Saturday, January 07, 2006

Journey Toward Publication #1

The notion of writing about my process toward publication moved to the front burner this week. Of course, my whole blog is about that. But I think my melancholy feelings about how long it's taking to hear anything solid about my book is causing me to be introspective. An agent. A sale. A pat on the head. Anything. Arf.

But, compared to other writers -- and I often wrestle with the question of whether or not I'm a "writer" -- I really haven't been at this fiction game very long. I know I'm good at writing what I enjoy writing, but I don't know how good I'd be with topics that hold less interest. I doubt I could be a journalist. The inner question came up because I saw an ad in a local women's magazine, asking for writers (for free). I have written lots of articles about various aspects of psychology, women's issues, metaphysics, etc., but when I saw that ad, I didn't get the feeling that I'd be a good applicant. I'm not a writer (my inner voice said). I can write vampire stories. I'm good at that. I have a clever mind and a way with words. Yes. True. But . . . what?

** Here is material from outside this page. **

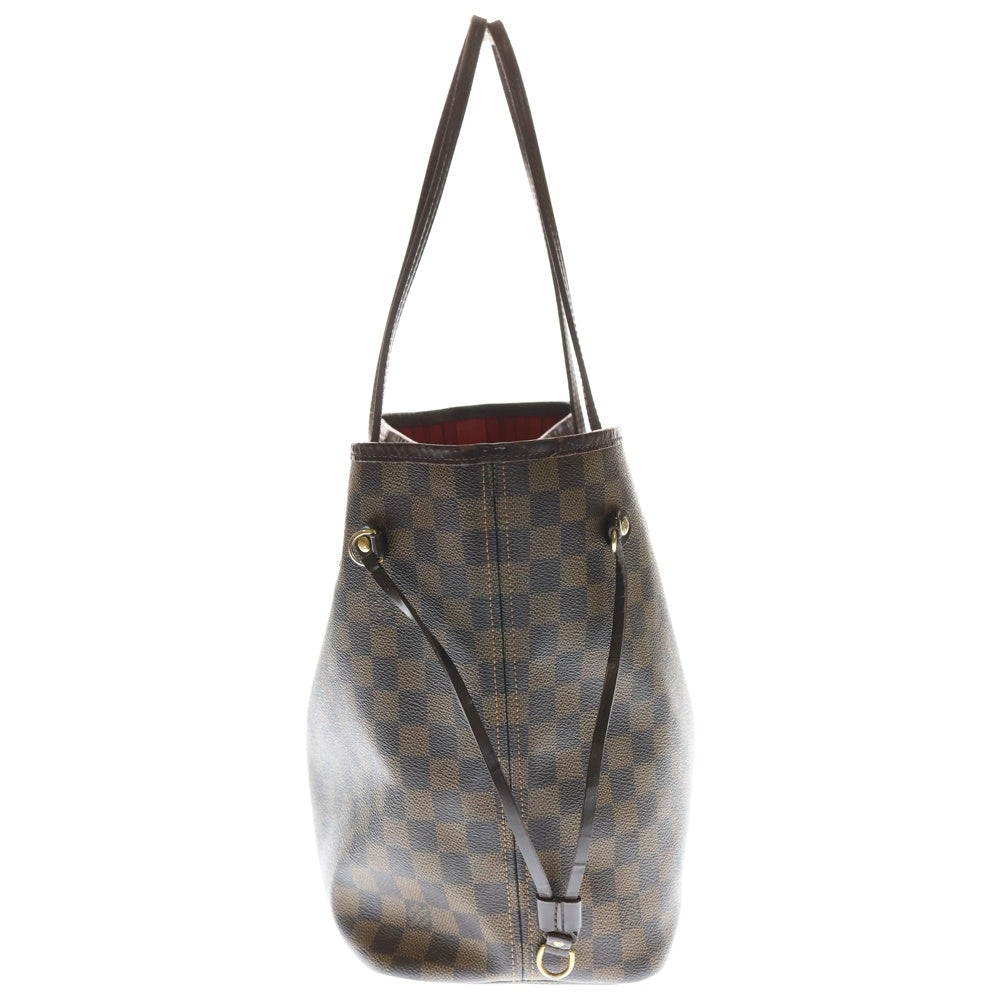 LOUIS VUITTON(ルイヴィトン) ダミエ ネヴァーフルMM トートバッグ ハンドバッグ レザー×PVC ブラウン N51105 ゴールド金具 レディース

I started writing The Vampire Shrink at the end of January, 2004. Almost 2 years ago. A few months before that, I'd started on a paranormal with vampires, ghosts, and all kinds of things. As I read it now, I can see glaring evidence that it was my first attempt at a full-length fiction book. Anyway, with the help of a few critique partners I met through various RWA lists (even though I'm not a standard romance writer, I think RWA is great because it gives resources to everyone -- published and pre-published, alike), I cranked out the chapters, refined them according to the feedback and took the leap into contests.

I won the first contest I entered. Then finaled in and won others. My first three chapters were POLISHED.

That, and the enthusiastic cheerleading from my crit partners, motivated me to start sending out queries. Apparently, my query letter was pretty good because I got requests for 3 chapters from many agents.

Several of those agents were interested enough to ask for the whole manuscript.

I actually finished the whole thing in March. 2005 and sent the completed ms to those who had asked for it. There was a gap in there when I didn't do any writing at all. I got discouraged. Some of the harsh voices of contest judges finally ripped through my thin, pseudo-teflon layer and tore at my tender bits. I knew I couldn't give great weight to critiques from romance judges who filled my manuscript pages with written finger wagging: this isn't romance. You aren't doing it right. There's no happy ending. You have more than one love interest. Nobody will buy a book like this.

Luckily, chick lit was exploding as I wrote my book. I still don't think my book fits comfortably into that category, but it was a welcome relief from the one heroine/one hero/happy ending I'd been trying to cram myself and my story into.

I got rejections from my first group of agents.

In retrospect, I can see that they were never good choices for me. I don't mean anything negative or derogatory by this, but I'm a "woman of a certain age." I've had lots of life experience and my son is age 30 (we grew up together). Some of the agents who asked to look at my book are very young. Under 30. I shouldn't be surprised that my world-view doesn't jive with theirs.

Anyway, the requests for my full manuscript have continued as I've queried every agent whose website expressed an interest in the paranormal, women's fiction, chick lit, w/romance elements, etc.

Surprisingly, it has been male agents who like my book the most so far. Two have expressed serious interest.

At some point, I'll go back and look at my rejection file. Some of the rejections were from the full ms. Others from 3 chapters. Others from my query letter. Some of the rejections are wonderful. They give encouragement and tell me things like "we just bought a book like this," or "your writing is great, but I don't like vampires," or "this isn't right for me, but it's good enough to get picked up by another agent."

So, it's officially been 15 months since I sent out my first 3-chapter packet to an agent or publisher. Not very long, really. Not compared to the years and years some writers talk about.

I hope the next installment of this post happens very soon. In that one, I'll talk about what it was like to get "the call," to sell my book, and to see it in my local bookstore.